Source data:
◆ ◆ ◆

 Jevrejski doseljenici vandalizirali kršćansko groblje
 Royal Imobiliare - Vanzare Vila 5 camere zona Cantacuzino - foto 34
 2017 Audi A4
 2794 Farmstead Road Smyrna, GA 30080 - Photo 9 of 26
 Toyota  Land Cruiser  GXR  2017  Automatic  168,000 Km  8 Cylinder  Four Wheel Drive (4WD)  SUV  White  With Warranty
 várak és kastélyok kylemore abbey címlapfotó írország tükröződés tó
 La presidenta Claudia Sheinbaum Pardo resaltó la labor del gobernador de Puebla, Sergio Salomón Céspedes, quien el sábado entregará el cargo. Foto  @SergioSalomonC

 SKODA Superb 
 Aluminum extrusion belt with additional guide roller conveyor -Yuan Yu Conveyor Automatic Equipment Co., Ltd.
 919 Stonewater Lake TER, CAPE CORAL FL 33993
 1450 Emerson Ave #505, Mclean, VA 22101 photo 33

◆ ◆ ◆

• [Work request] Return, in full, every line of these entries that holds "Automatic".

• [Output]
 Toyota  Land Cruiser  GXR  2017  Automatic  168,000 Km  8 Cylinder  Four Wheel Drive (4WD)  SUV  White  With Warranty
 Aluminum extrusion belt with additional guide roller conveyor -Yuan Yu Conveyor Automatic Equipment Co., Ltd.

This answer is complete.